## The problem
Only one stretch of the data should be retyped: the lines from the line containing "SDS-PAGE (SDS) image" through the line containing "4K Brain MRI". Keep pictures out of it.

## Data for review
----

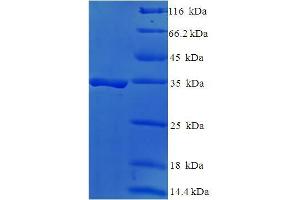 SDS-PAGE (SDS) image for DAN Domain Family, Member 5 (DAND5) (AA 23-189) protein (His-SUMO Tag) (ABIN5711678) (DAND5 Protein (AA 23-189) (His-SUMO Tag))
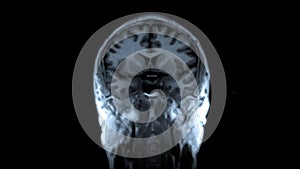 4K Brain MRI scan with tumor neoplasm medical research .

----

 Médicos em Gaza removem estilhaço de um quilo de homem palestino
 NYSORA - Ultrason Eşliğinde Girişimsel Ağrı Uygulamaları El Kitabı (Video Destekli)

----

## Response to this task
 SDS-PAGE (SDS) image for DAN Domain Family, Member 5 (DAND5) (AA 23-189) protein (His-SUMO Tag) (ABIN5711678) (DAND5 Protein (AA 23-189) (His-SUMO Tag))
 4K Brain MRI scan with tumor neoplasm medical research .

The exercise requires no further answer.